Highfive. You might not have thought that videoconferencing would make my list of best productivity apps, but it helps me stay connected to my team when I’m on the go. I still send a lot of emails, but face-to-face communication moves the needle faster.

What is the one book that you recommend our community should read?

“The Hard Thing About Hard Things” by Ben Horowitz. It gives real-world solutions and advice to problems businesses face every day.

What is your favorite quote?

“The woodpeckers inside the boat can do more damage than the storm outside.” All the competitors, outside business forces, and economic downturns combined can’t do the damage of a few toxic team members.

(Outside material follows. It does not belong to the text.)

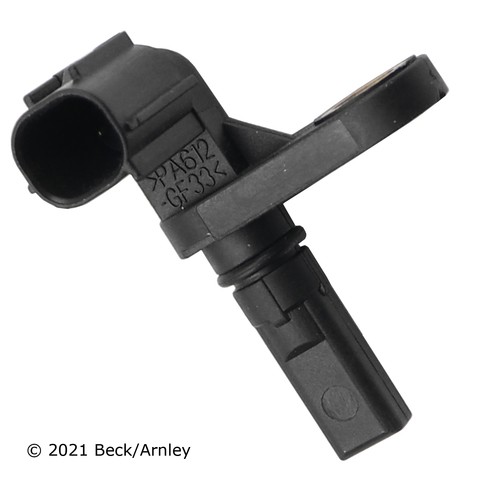 Beck/Arnley 084-4841 ABS Wheel Speed Sensor For TOYOTA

That’s why culture and team are my single biggest focus. A candidate might be great at marketing or sales, but he or she won’t make the cut at Roadie if he or she is too self-absorbed to empty the dishwasher.

Key Learnings:

  • Do for one. No matter how busy you get, you can always take the time to help one person out.
  • Perfect is the enemy of done. Make decisions and move on. You’ll learn not to get sucked into the vortex of making things harder or bigger than they need to be.
  • Read “The Hard Thing About Hard Things” by Ben Horowitz. It gives real-world solutions and advice to problems businesses face every day.
  • Your team is everything. Invest the time necessary to build a great culture and community.
  • Be a storyteller. Lead with something personal and human, and find a way to make people care.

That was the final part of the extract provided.